Shout!



Monday 5 December 2011

RANDOM RAMBLINGS JUST 3 DAYS BEFORE DEPARTURE

One of the virtues of the Advent season is hope. In fact, it is THE virtue of the season. Surely, hope is not wishful thinking: I wish it were otherwise. I wish I always had my teachers to guide me, my friends to assure me that my ideas were worth a hearing. I wish I could go the full length of the mission trip. But they are wishes in my heart;  they are not what make up hope.

If there is anything that characterizes human life, it is that there seems to be a cry luring us, drawing us, driving us. Nikos Katzanzakis captures it well when he articulates it. “Onwards” challenges this call. So we do not only leave the process of maturation to nature; we take it into our hands. Each is a project unto himself, and in this respect, not to decide is already to have made a decision! We become more, and we strive to be more, to bring about possibilities. We are, say Sartre and Heidegger, the beings that negate ourselves, that are never coincident with ourselves. “Onwards”—so I learn a craft, perfect a skill, read more, meet new friends, perpetually reinvent myself. That was what our mission formation was all about.
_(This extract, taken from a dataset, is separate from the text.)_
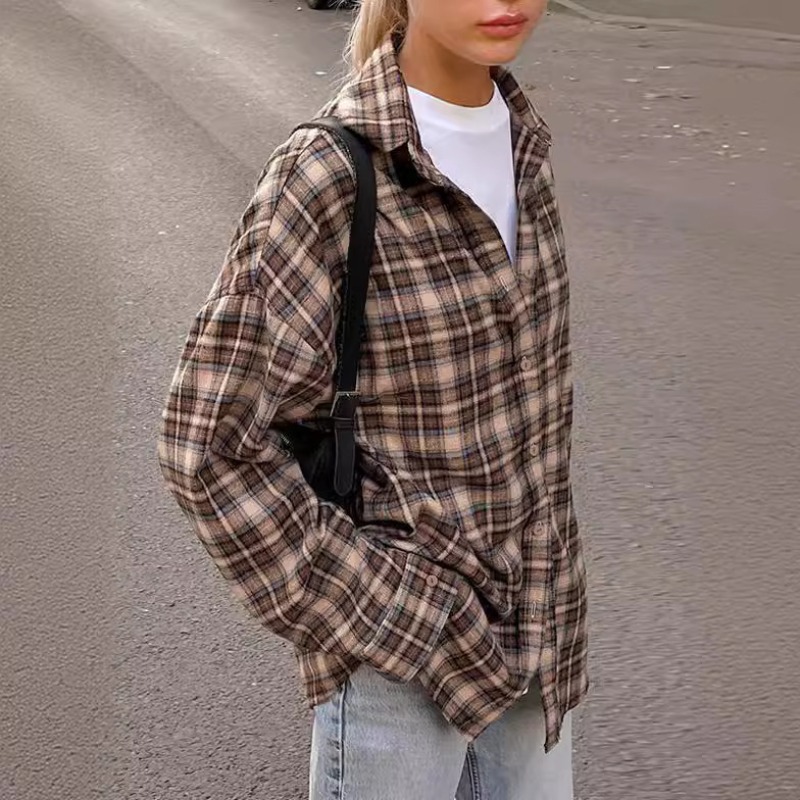 เสื้อลําลองลายสก๊อตผู้หญิงหลวม - Winter Clothing Vintage บทวิจารณ์และราคา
That was - that is -  the root of hope, for if I did not hope that my striving to be more would make me more, I would cease all striving at all.

But Advent is about the Absolute Future—at once continuous with the hope that makes us human, but also discontinuous with it for it is something that “eye has not seen, ear has not heard, nor has it ever occurred to man...” The hope of advent does not have to do with setting sights on particular projects and achieving status; it has to do with the fulfillment of life and the fulfillment of history. It has to do with my grief over not being able to go for teh full mission trip. The hope of Advent does not make my not being able to go the full length  any less real. Christianity has never taught that human anguish is illusory. It has faced human anguish squarely. But it is hope precisely because of the confidence that completion, fulfillment, eternal meaning and value—captured by that quasi-mythological, theologically provocative concept “Parousia”—do not depend on our faltering efforts, always derailed by opposing events.  It is all captured in that simple invocation: “Father in Heaven...your kingdom come, your will be done on earth as in heaven.” When we reach this level of hope, assertions give way to invocation, descriptions to supplication, certainty about oneself to certainty about what is to come that cannot be from us but from the “power of the Most High” that overshadows all those who believe.

I am still hoping that God would allow me to go the full distance of the mission trip. At the same time, thy will be done Lord.